:: DESCRIPTION OF THE TASK ::
How many lines in the data below include the word "Button"? State the number alone.

Crawled caption data
──────

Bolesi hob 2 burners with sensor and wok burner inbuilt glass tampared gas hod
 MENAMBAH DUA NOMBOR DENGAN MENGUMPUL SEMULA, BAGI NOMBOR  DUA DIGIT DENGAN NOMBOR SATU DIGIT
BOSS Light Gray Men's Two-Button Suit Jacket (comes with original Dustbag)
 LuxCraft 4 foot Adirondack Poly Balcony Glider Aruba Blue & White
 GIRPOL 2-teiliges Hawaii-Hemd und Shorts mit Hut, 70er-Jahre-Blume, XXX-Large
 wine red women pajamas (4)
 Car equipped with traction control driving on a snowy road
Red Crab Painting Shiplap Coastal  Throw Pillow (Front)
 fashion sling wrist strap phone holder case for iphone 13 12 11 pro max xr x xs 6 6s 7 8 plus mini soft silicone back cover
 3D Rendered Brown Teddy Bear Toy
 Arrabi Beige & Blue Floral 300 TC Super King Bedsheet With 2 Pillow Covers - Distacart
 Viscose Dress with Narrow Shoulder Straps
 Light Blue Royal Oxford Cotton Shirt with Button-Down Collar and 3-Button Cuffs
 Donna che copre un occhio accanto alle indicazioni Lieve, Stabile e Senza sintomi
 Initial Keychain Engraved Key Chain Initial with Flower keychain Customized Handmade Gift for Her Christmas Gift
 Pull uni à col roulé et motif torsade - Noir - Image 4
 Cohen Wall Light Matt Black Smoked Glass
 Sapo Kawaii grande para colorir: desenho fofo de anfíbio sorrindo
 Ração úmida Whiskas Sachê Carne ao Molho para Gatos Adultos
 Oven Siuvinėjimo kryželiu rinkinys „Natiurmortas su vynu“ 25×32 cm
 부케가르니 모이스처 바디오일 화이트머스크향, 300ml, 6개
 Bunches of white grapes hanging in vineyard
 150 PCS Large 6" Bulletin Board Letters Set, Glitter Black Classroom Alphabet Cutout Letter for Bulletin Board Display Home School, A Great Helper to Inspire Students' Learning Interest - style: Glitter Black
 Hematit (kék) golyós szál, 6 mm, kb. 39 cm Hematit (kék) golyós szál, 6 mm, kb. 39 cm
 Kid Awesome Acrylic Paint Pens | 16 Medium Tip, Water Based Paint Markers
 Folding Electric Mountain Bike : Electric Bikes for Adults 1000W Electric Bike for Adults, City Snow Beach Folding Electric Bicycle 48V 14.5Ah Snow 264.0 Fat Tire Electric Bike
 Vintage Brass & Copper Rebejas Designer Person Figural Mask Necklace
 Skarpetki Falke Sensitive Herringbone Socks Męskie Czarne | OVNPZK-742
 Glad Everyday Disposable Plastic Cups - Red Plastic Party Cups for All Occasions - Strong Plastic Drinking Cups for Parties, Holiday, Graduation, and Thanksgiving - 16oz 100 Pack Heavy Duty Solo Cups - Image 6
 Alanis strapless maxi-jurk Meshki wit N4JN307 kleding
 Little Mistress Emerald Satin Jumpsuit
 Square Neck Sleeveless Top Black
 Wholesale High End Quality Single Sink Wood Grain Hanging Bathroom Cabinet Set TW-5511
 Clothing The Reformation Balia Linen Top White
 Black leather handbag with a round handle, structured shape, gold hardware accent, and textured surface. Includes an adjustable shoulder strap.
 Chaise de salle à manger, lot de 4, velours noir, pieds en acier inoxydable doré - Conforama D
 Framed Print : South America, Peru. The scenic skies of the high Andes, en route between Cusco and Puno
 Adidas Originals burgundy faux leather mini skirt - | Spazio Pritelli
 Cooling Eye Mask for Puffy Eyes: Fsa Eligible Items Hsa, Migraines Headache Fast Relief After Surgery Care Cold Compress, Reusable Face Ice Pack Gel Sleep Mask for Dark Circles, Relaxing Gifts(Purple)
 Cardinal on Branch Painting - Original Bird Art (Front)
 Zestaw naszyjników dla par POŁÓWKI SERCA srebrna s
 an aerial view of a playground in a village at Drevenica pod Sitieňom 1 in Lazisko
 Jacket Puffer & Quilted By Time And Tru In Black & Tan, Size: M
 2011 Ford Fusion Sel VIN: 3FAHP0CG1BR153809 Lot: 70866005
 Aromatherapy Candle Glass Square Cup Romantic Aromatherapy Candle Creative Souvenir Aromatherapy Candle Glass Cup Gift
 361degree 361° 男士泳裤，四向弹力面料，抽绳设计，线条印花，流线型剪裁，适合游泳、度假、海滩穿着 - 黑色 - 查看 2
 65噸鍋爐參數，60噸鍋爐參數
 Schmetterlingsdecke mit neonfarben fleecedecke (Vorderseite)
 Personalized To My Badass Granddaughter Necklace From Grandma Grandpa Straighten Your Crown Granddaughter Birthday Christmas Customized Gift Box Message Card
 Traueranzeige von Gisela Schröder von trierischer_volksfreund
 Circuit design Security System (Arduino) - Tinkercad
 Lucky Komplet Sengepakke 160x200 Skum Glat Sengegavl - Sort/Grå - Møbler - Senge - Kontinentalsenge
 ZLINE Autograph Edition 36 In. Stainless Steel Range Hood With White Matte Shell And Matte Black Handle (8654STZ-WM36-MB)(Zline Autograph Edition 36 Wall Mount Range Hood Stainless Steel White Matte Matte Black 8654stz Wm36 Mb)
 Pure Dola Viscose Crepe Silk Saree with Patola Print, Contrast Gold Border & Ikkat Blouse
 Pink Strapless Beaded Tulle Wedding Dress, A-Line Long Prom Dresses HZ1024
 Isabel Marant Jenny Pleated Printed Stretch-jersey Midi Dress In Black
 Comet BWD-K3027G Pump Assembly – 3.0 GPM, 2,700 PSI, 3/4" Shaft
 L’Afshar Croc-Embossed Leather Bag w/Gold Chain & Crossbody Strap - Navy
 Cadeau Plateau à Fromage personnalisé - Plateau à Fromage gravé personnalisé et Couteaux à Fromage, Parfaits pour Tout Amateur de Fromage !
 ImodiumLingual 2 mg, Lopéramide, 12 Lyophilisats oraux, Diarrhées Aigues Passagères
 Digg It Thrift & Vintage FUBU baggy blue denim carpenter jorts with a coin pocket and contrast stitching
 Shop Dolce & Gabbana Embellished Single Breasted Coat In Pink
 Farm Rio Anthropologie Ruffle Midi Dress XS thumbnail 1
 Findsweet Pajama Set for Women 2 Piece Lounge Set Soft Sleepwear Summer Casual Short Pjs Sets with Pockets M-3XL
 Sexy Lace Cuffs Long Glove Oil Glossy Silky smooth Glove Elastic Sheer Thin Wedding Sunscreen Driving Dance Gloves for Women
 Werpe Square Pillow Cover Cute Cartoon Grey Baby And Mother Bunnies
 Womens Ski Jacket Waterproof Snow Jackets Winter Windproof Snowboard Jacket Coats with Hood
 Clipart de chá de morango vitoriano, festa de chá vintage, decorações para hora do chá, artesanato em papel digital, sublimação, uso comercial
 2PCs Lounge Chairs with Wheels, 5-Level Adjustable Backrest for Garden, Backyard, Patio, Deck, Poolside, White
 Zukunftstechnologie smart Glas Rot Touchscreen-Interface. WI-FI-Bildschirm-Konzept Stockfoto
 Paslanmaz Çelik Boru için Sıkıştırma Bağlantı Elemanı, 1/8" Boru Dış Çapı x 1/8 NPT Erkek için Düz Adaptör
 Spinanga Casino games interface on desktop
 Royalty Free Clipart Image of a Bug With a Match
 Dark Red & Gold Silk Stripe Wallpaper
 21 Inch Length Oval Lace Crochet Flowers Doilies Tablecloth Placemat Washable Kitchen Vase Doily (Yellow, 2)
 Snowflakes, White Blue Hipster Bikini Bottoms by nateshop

──────

:: YOUR SOLUTION ::
2